La Juve che gridò ladri agli interisti
1979, era l'alba dell'ultima inter etnica che vinse lo scudetto con in panchina il sergente Bersellini. Dall'altra parte la solita Juve non abituata a essere messa in discussione dalle decisioni arbitrali. Finì con una apoteosi nerazzurra...

Inter Juventus 4 0
INTER: Bordon, Canuti (46’ Pancheri), Baresi; Pasinato, Mozzini, Bini, Caso, Oriali, Altobelli, Beccalossi, Muraro. All. Bersellini
JUVENTUS: Zoff, Cuccureddu, Gentile, Furino (63’ Virdis), Brio, Scirea, Causio, Tardelli, Fanna, Verza, Marocchino. All. Trapattoni
ARBITRO: Michelotti
RETI: 48’ Altobelli; 50’ Altobelli rig.; 74’ Muraro ; 79’
Altobelli
Dopo quel quattro a zero, i giornali intitolarono che ormai era finito il
dominio calcistico di Torino. In effetti il risultato faceva impressione, e si
sommava al Milan vittorioso per l’1 a 0
di Novellino contro i granata di un contestato Gigi Radice. Poi, alla fine del
campionato 79/80, l’Inter di Eugenio Bersellini vinse lo scudetto, con un
undici nerazzurro che per una larga generazione di tifosi è stato l’ultimo
autenticamente interista, cioè una squadra identitaria, costruita con il vivaio
o giocatori comprati a poco e poi rivalutati, ma comunque restati a fare da
bandiera per una carriera intera, casomai vincendo i mondiali, come Ligabue
dice per Oriali, ma che vale anche per Altobelli, Marini e Bordon. Un’Inter estrosa, con icone come Beccalossi,
Altobelli e Muraro, Pasinato, Oriali e Marini, Beppe Baresi, Canuti e Graziano
Bini, tutti poi divenuti simboli di un’epoca, lontana, ormai. Una squadra
nerazzurra da anni da bere, che a leggere gli albi d’oro non trovi granchè , ma
che vive nel cuore di molti interisti oggi capaci solo di sospirare.
Quella stagione, fu anche quella del primo e forse unico calcioscommesse, quello che cacciò per la prima volta il Milan in B e sospese vip mica male (come ad esempio Paolo Rossi).
Tornando al calcio giocato, Inter Juventus. dell’undici novembre fu una partita dal significato importante dentro un San Siro esaurito di tifosi (come era uno stadio prima che inventassero i posti numerati e i tornelli) eccitati da un’Inter capolista.
Il match Mi-To partì a senso unico, con la vecchia signora a dimostrarsi superiore, in una formazione senza punte vere, tutta velocità e poco peso, ispirata da un Causio a tratti incontenibile.
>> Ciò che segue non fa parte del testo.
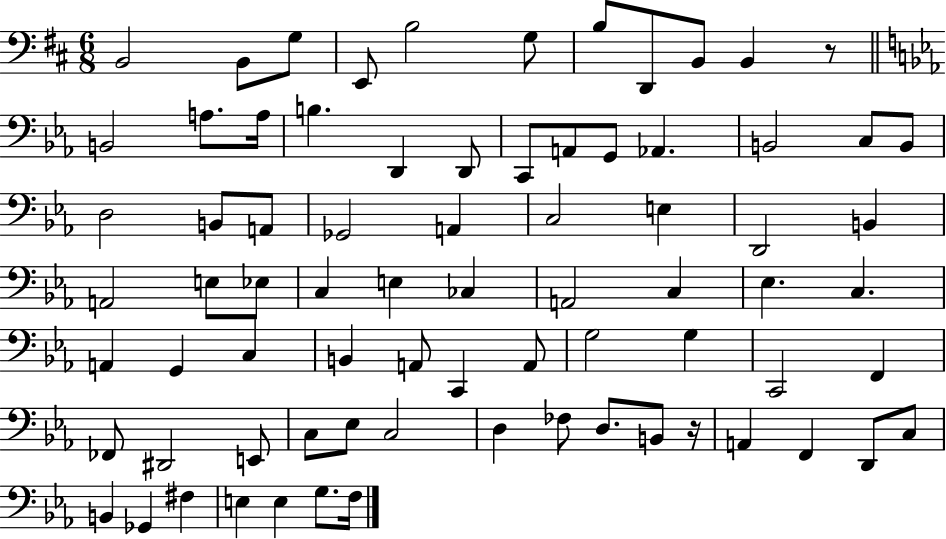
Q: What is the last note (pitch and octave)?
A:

La svolta della partita (e probabilmente dell’intero campionato) venne all’inizio del secondo tempo, grazie a Spillo Altobelli che ciondolante alla sua maniera, entrò in area venendo a contatto con Scirea. Il centravanti cadde e l’intervento fu sanzionato da Michelotti con il rigore dell’uno a zero che in breve diventò due, dopo una azione rocambolesca che scatenò le ire Juventine: parte un cross dalla destra. La difesa bianconera respinge, mettendo così in fuorigioco Altobelli. Dato che l'azione pare finita, Michelotti lascia correre, senonchè Tardelli senza accorgersi di Altobelli concepisce un assurdo passaggio indietro che diventa un assist per il centravanti che al primo ciak calcia su Zoff,. Al secondo in rete.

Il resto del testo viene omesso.